I've been trying to create a simple finite element analysis script for determining the strains and stresses in 3-D structures composed of a linearly elastic isotropic material.
I've found a couple of examples of something similar to what I'd like to do here for the 3D structures, and also here in a simplified 2D version (Go to "Deformation of a Beam under load" section).
My current issue is that I don't understand the equation input as the PDE. It looks like it might be related to the Navier-Cauchy Equation, i.e.
$$\left( \lambda+\mu\right)*\nabla(\nabla \cdot u)+\mu *\nabla^2u+F=0$$ Where:
$\ F$ is the force vector
$\mu$ is the second Lame parameter
$\lambda$ is the first Lame parameter/ Shear Modulus
$\ u$ is the displacement vector.
I'm not totally sure this is the equation used, and if it is I can't figure out how or why it was manipulated into the form used in these examples.
Any help would be greatly appreciated, thank you.
It seems that they have simply written down the operator $$ \mathrm{div}\,\sigma(u) $$ explicitly in the corresponding dimensions.
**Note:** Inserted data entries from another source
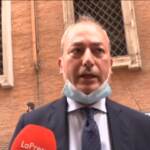 Ddl Zan, Ostellari: “Vogliamo verificare se c’è maggioranza per scriverlo bene”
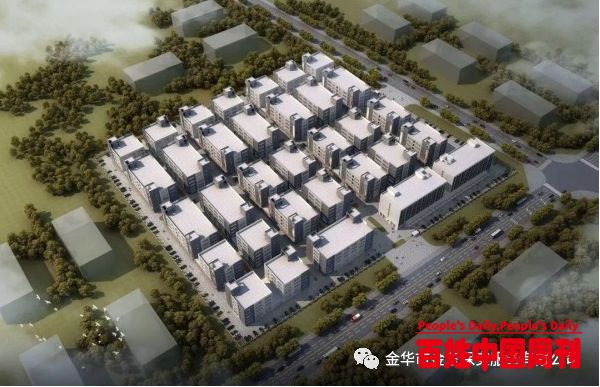 浙江金华金东保安赋能“数字江岭”，引领金东信息化新时代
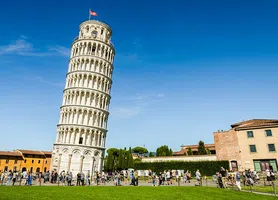 Torre de Pisa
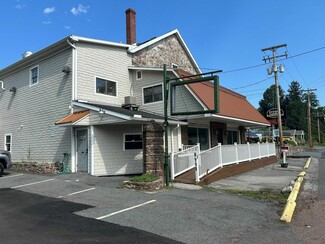 Mohnton, PA Retail - 3171 Morgantown Rd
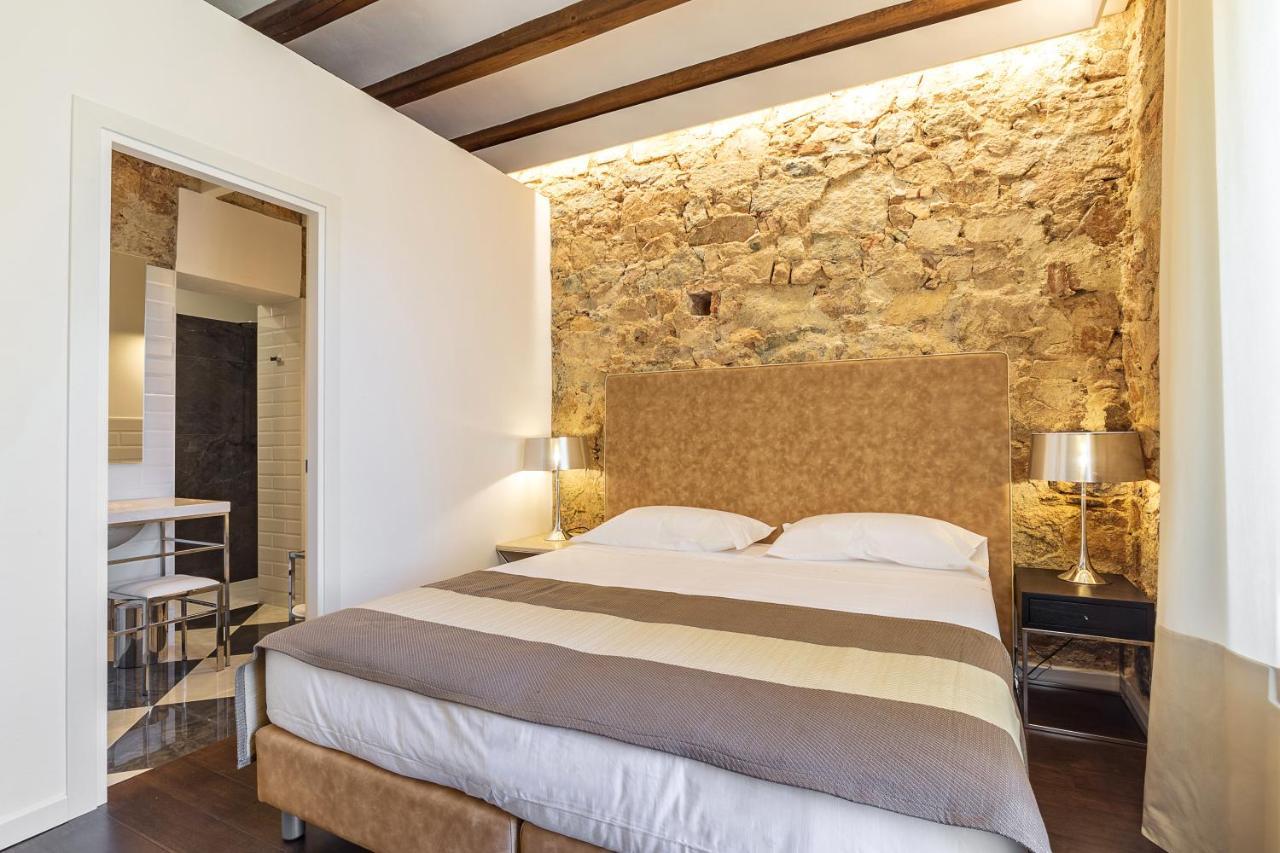 Raphael Hotel Arbatax Luaran gambar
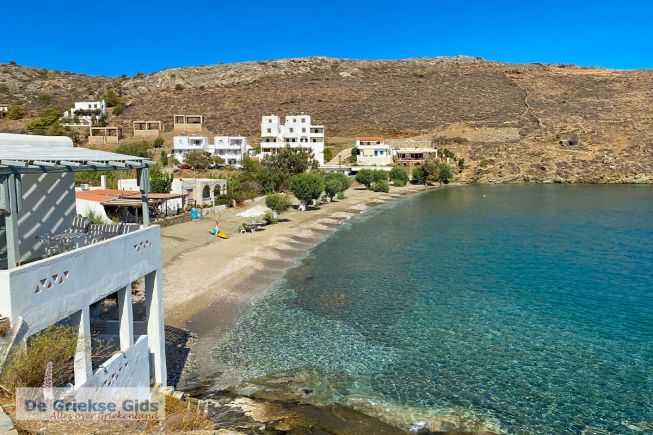 Lefkes Kythnos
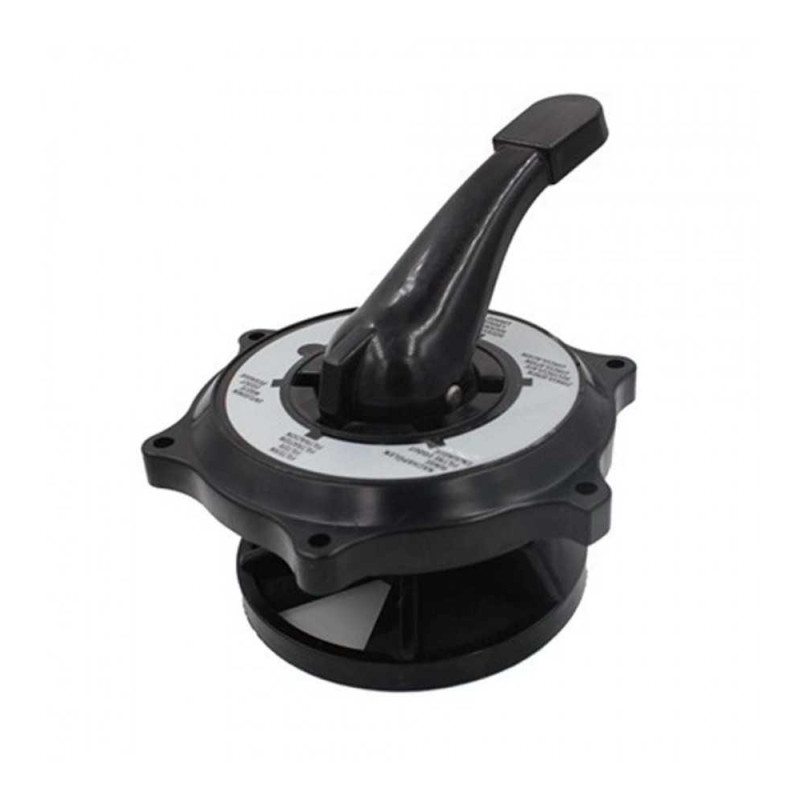  Dessus de vanne aquaswim top valve L'enigme mobilis  - Sanifer Tamatave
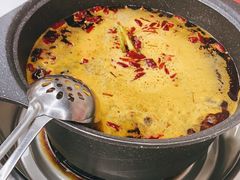 -俭让佬妈现卤串串(温江总店)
In linear elasticity, $$ \sigma(u) = 2 \mu\,\varepsilon(u) + \lambda\,\mathrm{tr}\,\varepsilon(u) I $$ and $$ \varepsilon(u) = \frac{1}{2}(\nabla u + \nabla u^T). $$ You can find a relationship between the Young's modulus, Poisson ratio $(Y,\nu)$ and the Lame parameters $(\mu,\lambda)$ from Wikipedia and work out the details by hand or by a CAS.